An observer AI took the body of a secondary character used by Shiroe before the apocalypse. She is a level 90 Summoner half-Alv. Her sub-class is "vampire", giving her special buffs at night but rendering her weak to exposure to direct sunlight.

=== Harvesters ===
The Harvesters are described as creatures of slightly lesser intelligence than observers that were artificially created on the Moon using the bodies of monsters with powerful combat capabilities. Their primary objective is to harvest empathions in the form of magic points and will do so by attacking adventurers with extreme prejudice. They all possess the Genius title.

- Lasphere (ラスフィア, Rasufia)
The Genius of necromancy. Kanami and her party encountered this creature on the Chinese server as they made their way to the Japanese server, Yamato. She was defeated by Leonardo after he used his superior speed to overwhelm her.
- Paps (パプス, Papus)
The Genius of healing. This creature was with Lasphere when they encountered Kanami and her party. It seemed to possess a lot of information about the true nature of the world.
- Camaysar (カマイサル, Kamaisaru)
The Genius of marriage. This creature wandered into the city of Akiba after its protective barrier was disabled by Kinjou and Lenessia. It posed as a Person of the Land and began seducing girls around the city. However, it was defeated when it crossed paths with the Brigade of the West Wind.
- Bagris (バグリス, Bagurisu)
The Genius of measures. Another creature who infiltrated Akiba after the barrier was disabled. It posed as a Lander who was able to appraise ores and minerals and conned adventurers into paying huge sums of money for worthless materials by changing the quantities of their weight, length and value. In his true form, he is able to manipulate the quantities of distance, speed, skill damage and even targets. This posed an enormous disadvantage to the half-raid team led by Michitaka and almost resulted in their defeat. However, with the help of the Kunie Clan, Roderic was able to create a weapon called the Source Vessel which was able to nullify Bagris' abilities using a similar power and allowed the team to defeat him.
- Zahun (ザフン, Zafun)
The Genius of scandal. The Nyanko Tavern guild faced this monster when it infiltrated Akiba and then reported it to Shiroe.
- Sislau (シスラウ, Shisurau)
The Genius of poison. The Nyanko Tavern guild encountered this monster before the Scale Festival took place. It had the ability to poison its victims.
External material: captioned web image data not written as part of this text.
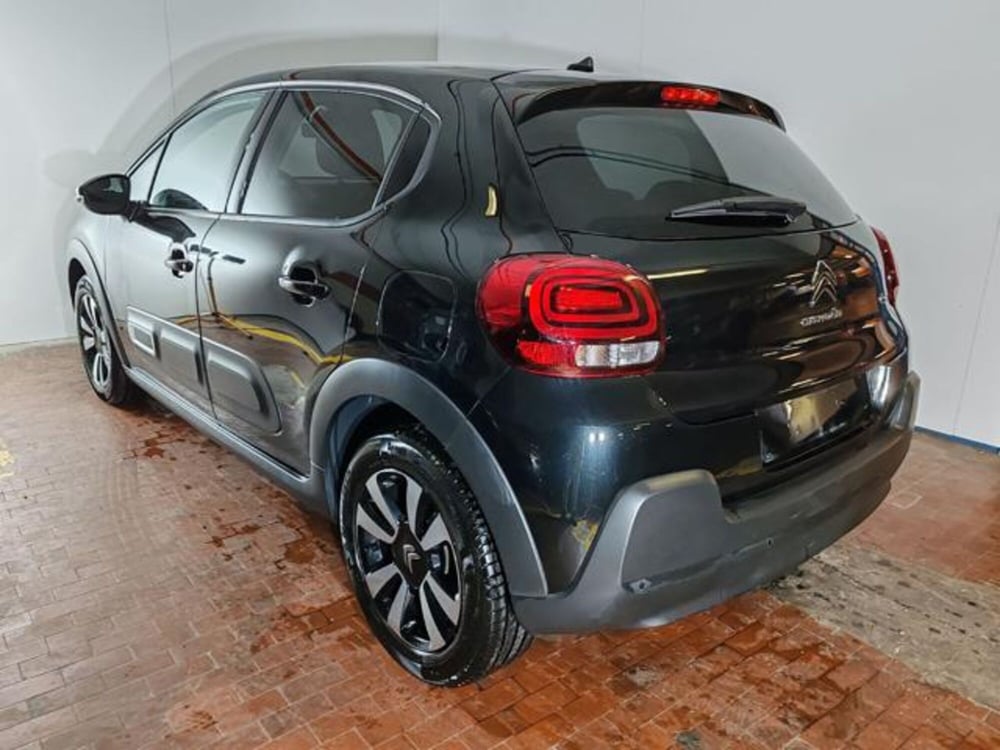 Citroen C3 Aircross usata a Torino (6)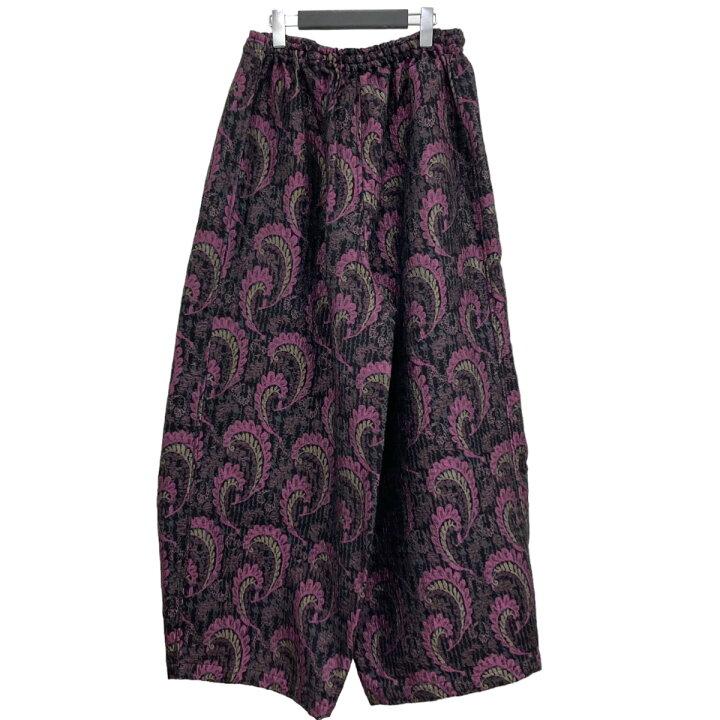 楽天市場】【中古】Needles H．D． Pants Paisley Jacquard ペイズリー 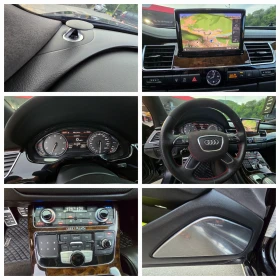 Audi A8 Топ състояние лизинг , снимка 17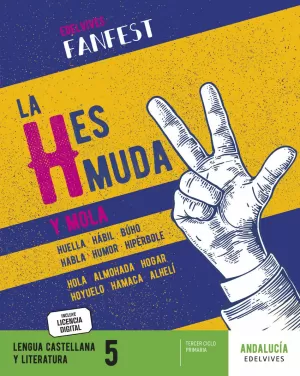 PROYECTO: FANFEST. LENGUA CASTELLANA Y LITERATURA 5 [ANDALUCÍA]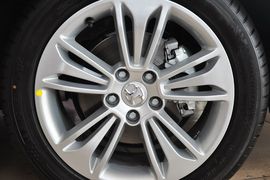 2013款北京绅宝2.0T舒适版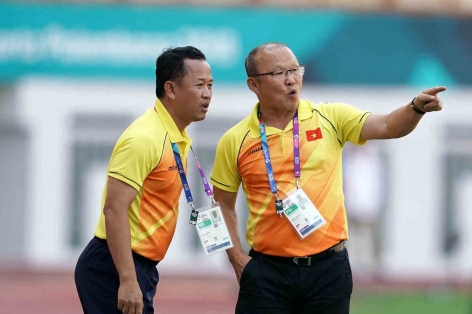 Chuẩn bị cho AFF Cup 2018, ĐTQG Việt Nam tập trung khi nào?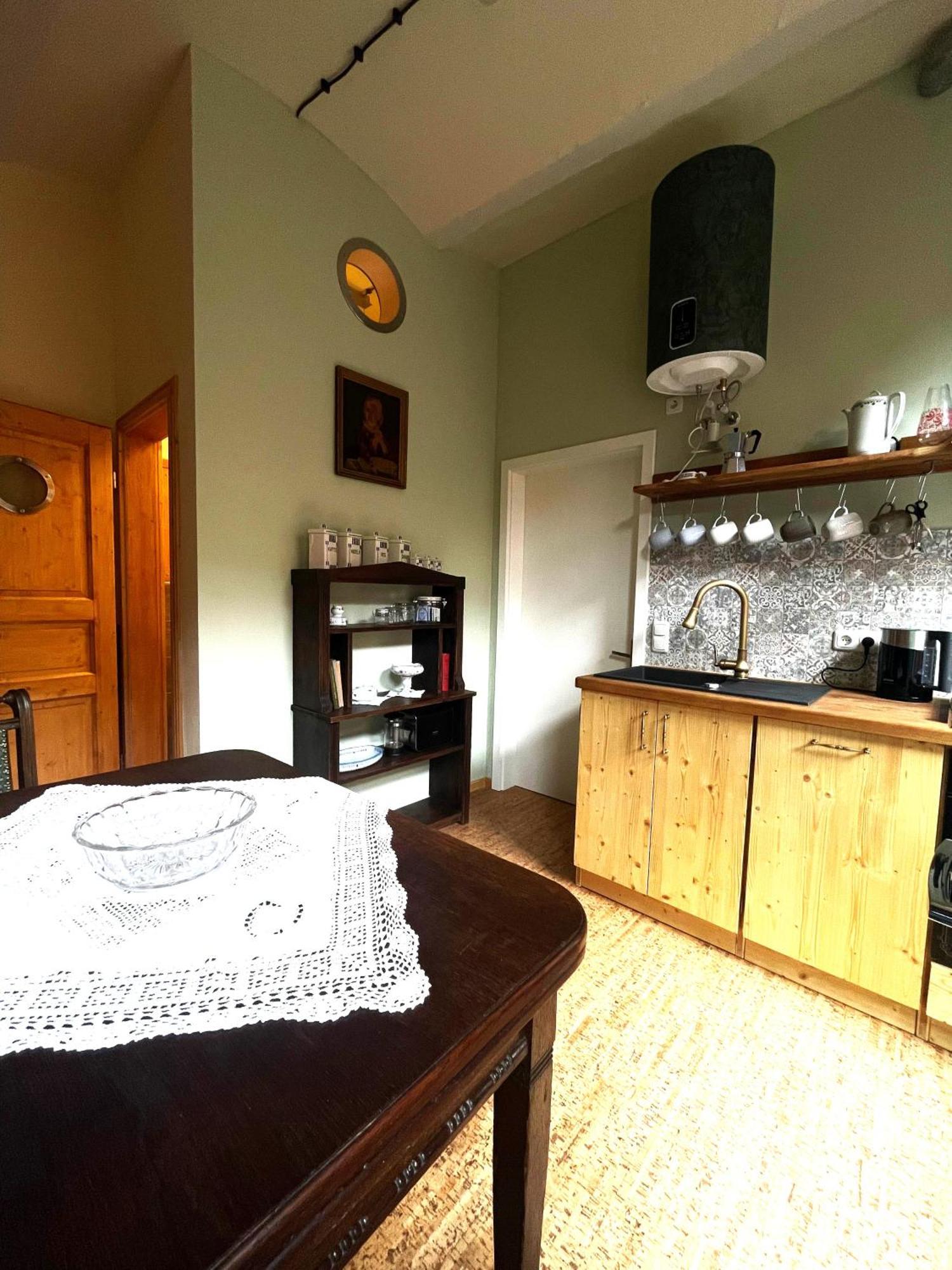 Ferienwohnung Antik Gotha Luaran gambar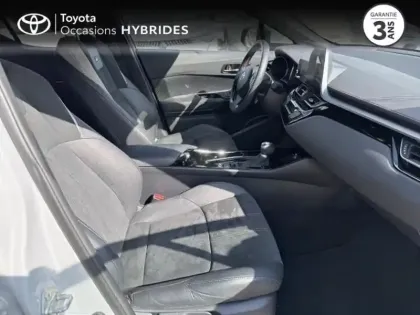 Photo 5 Toyota C-HR  1.8 Hybride 122ch GR Sport E-CVT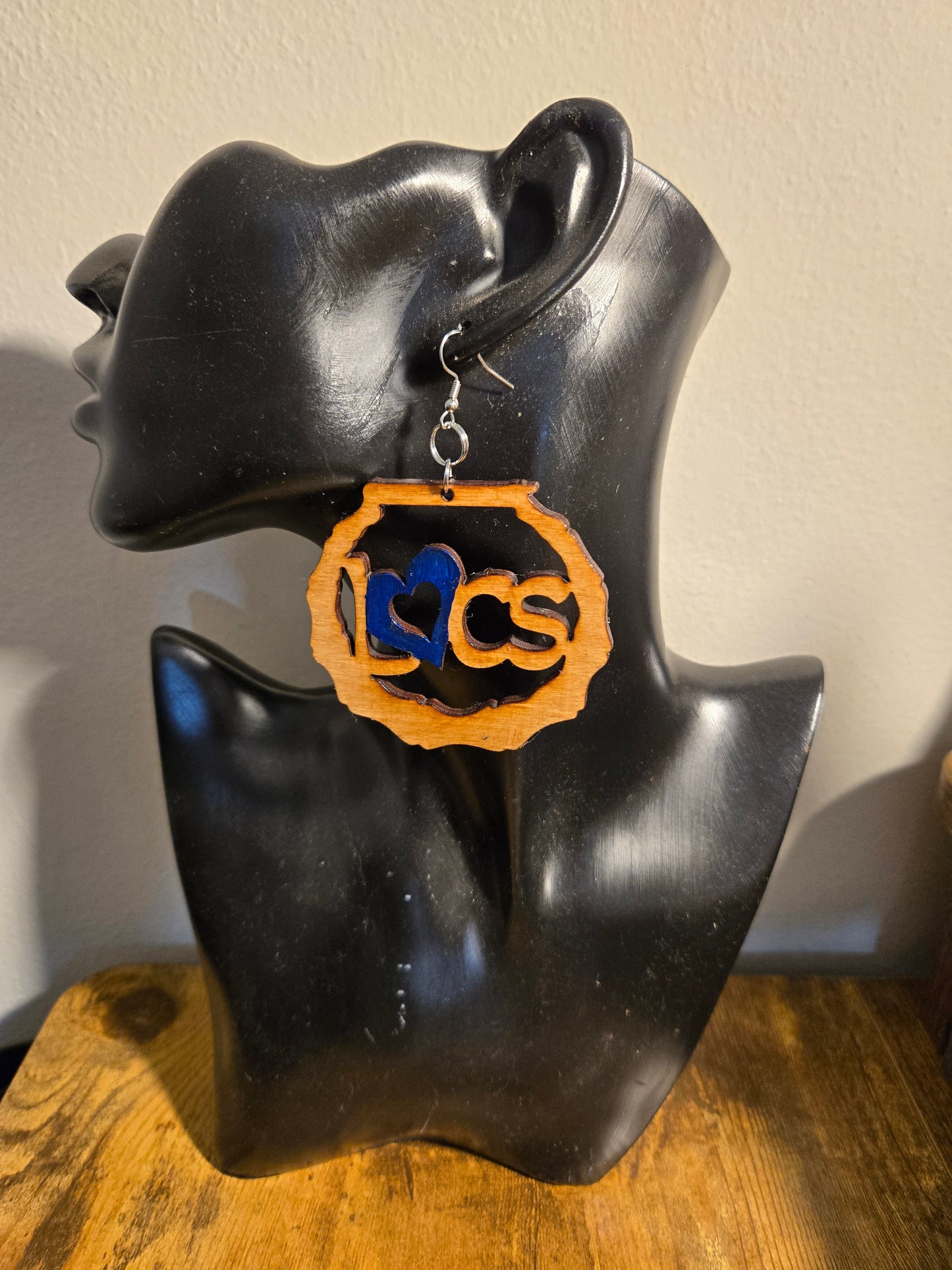Bamboo Earrings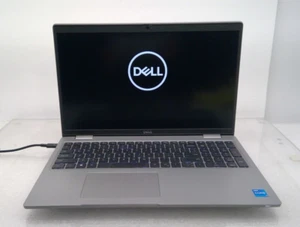 Dell Latitude 5520 15.6" Laptop i5-1135G7@2.4GHz 16GB RAM 256GB SSD Win11 - Picture 1 of 9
- Taliktan (タリクタン, Tarikutan)
The Genius of summoning. Based in Shibuya, this monster was responsible for summoning swarms of Eternal Moth monsters from the Moon which attacked the main player cities in order to harvest empathions. It changes from its original form, which has the appearance of an old man, into two other forms depending on its health level. It was the only boss in the Calling Fortress raid and was ultimately taken down by the raiding party led by Shiroe.